◆ DATA RECORDS
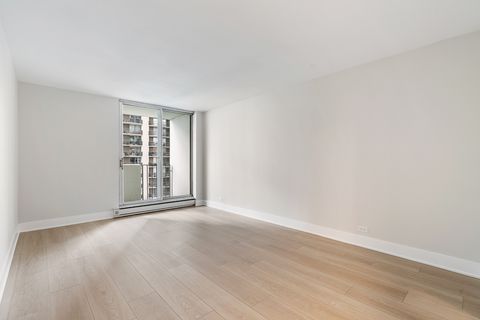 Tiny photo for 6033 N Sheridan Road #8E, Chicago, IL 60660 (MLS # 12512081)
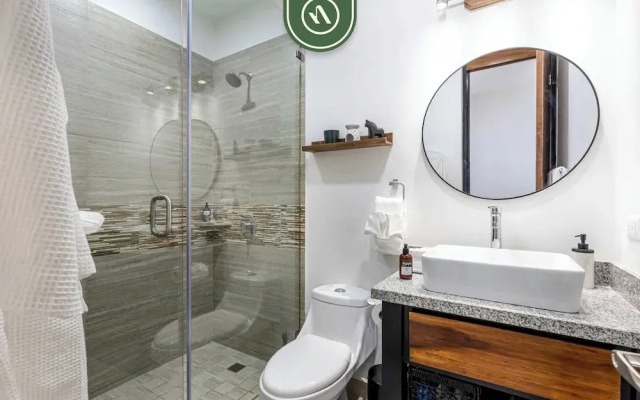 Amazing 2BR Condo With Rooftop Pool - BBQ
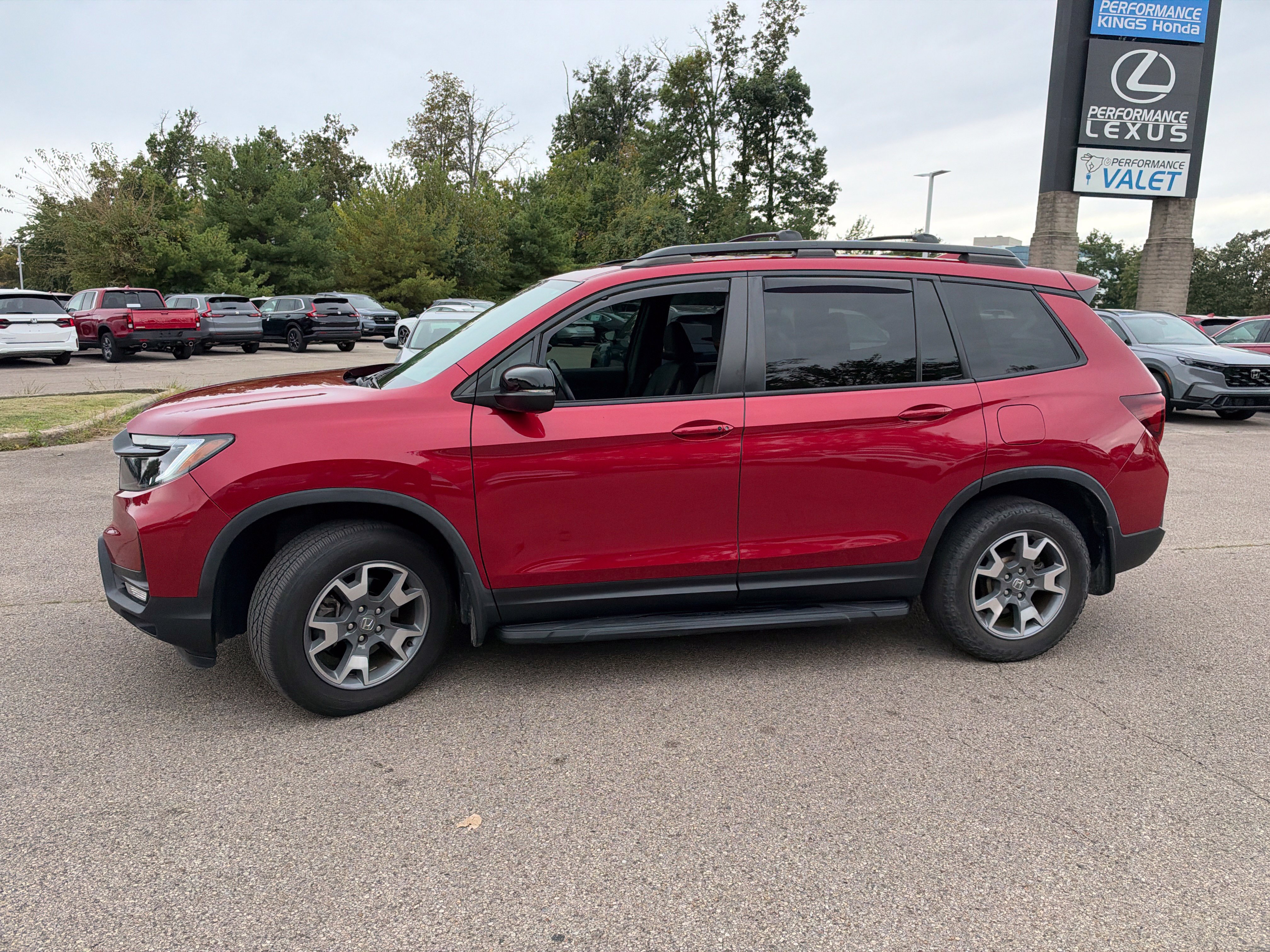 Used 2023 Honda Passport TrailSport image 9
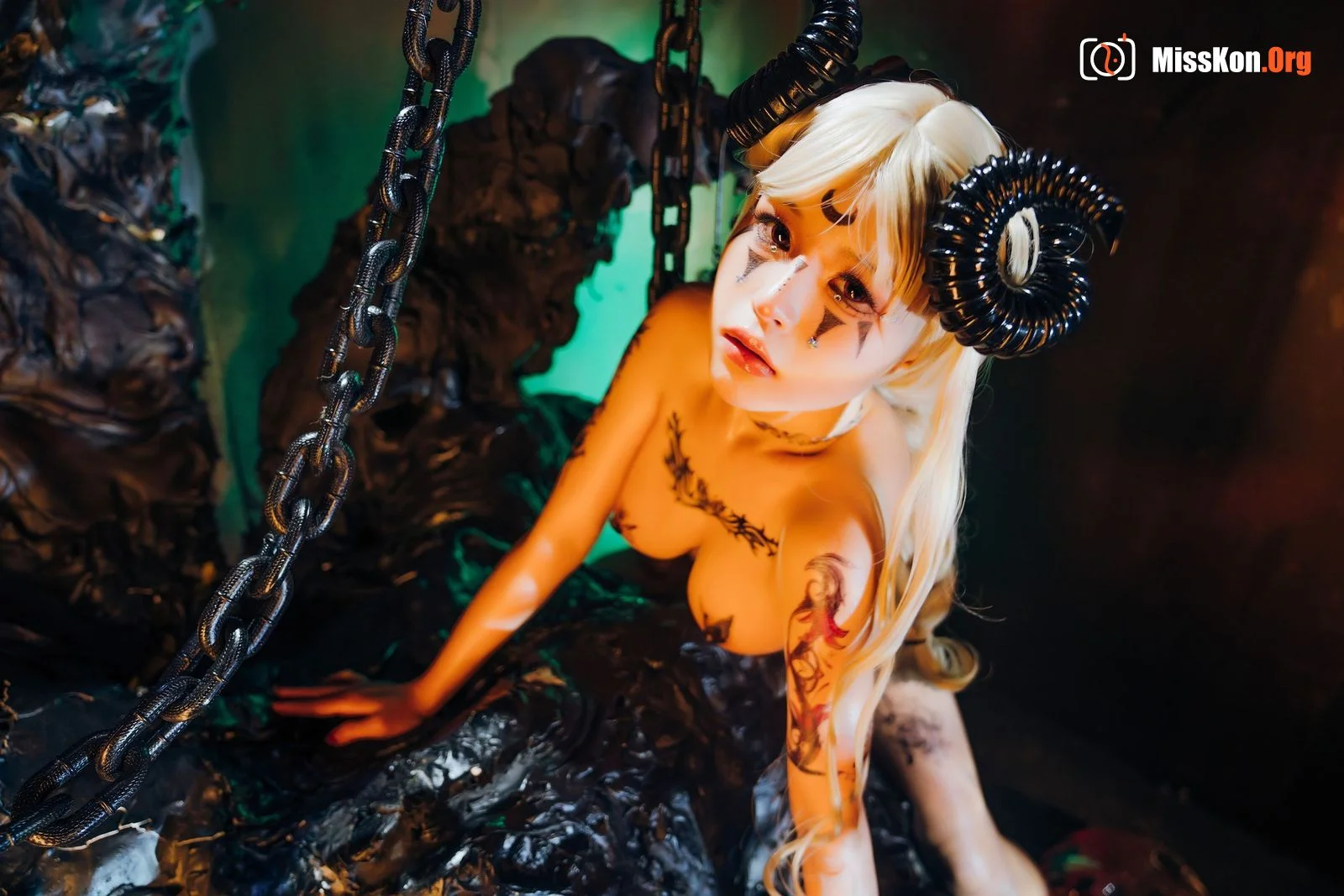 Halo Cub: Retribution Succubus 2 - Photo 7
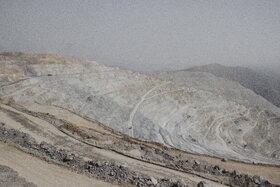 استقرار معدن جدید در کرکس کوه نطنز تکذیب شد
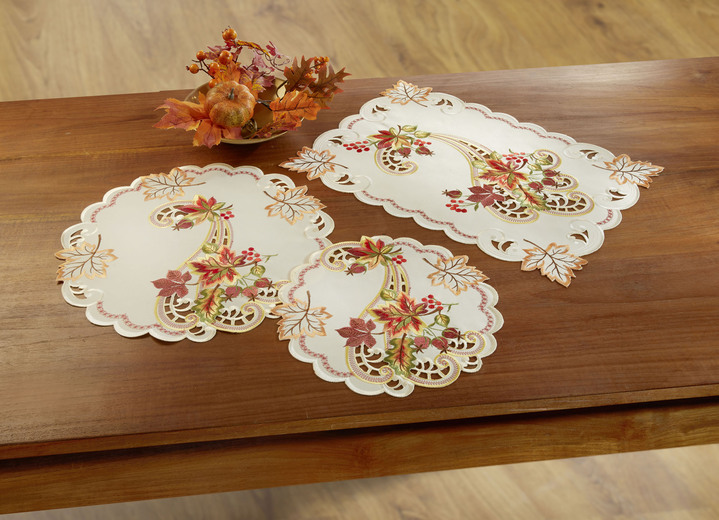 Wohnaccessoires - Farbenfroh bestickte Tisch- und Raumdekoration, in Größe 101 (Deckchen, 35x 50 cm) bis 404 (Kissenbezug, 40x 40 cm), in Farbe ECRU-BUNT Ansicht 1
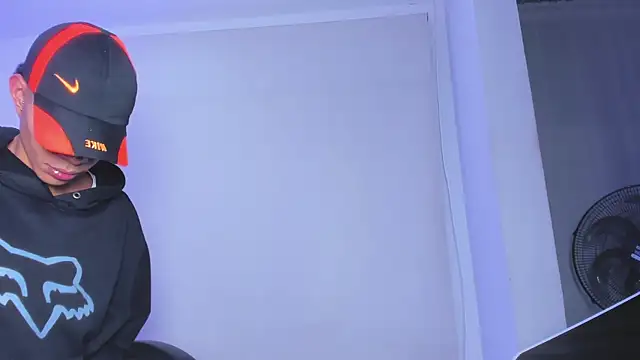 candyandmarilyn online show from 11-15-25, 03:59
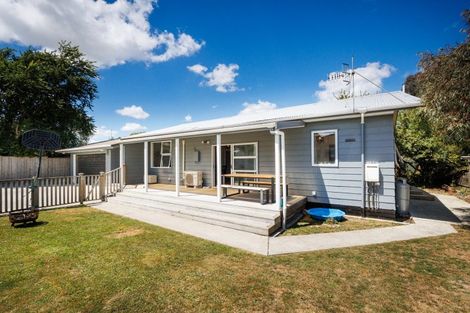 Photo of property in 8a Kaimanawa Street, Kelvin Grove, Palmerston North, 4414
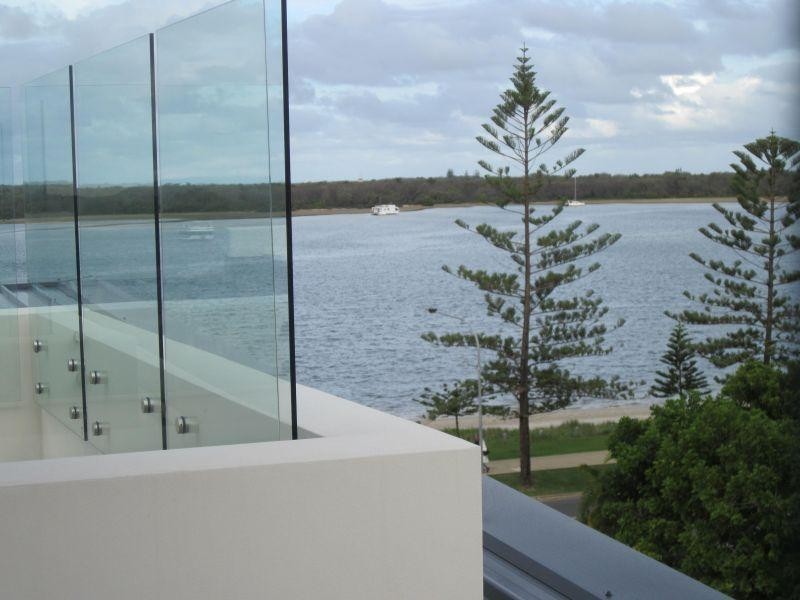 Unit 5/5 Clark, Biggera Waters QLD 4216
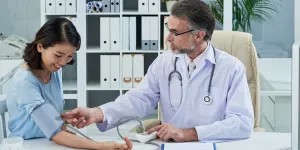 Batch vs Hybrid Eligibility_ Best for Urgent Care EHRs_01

◆ EXERCISE DIRECTIONS
For this answer, return word for word the lines from the first line of the records through the line containing "استقرار معدن جدید در کرکس کوه نطنز تکذیب شد". Omit the pictures.

◆ FINAL ANSWER
 Tiny photo for 6033 N Sheridan Road #8E, Chicago, IL 60660 (MLS # 12512081)
 Amazing 2BR Condo With Rooftop Pool - BBQ
 Used 2023 Honda Passport TrailSport image 9
 Halo Cub: Retribution Succubus 2 - Photo 7
 استقرار معدن جدید در کرکس کوه نطنز تکذیب شد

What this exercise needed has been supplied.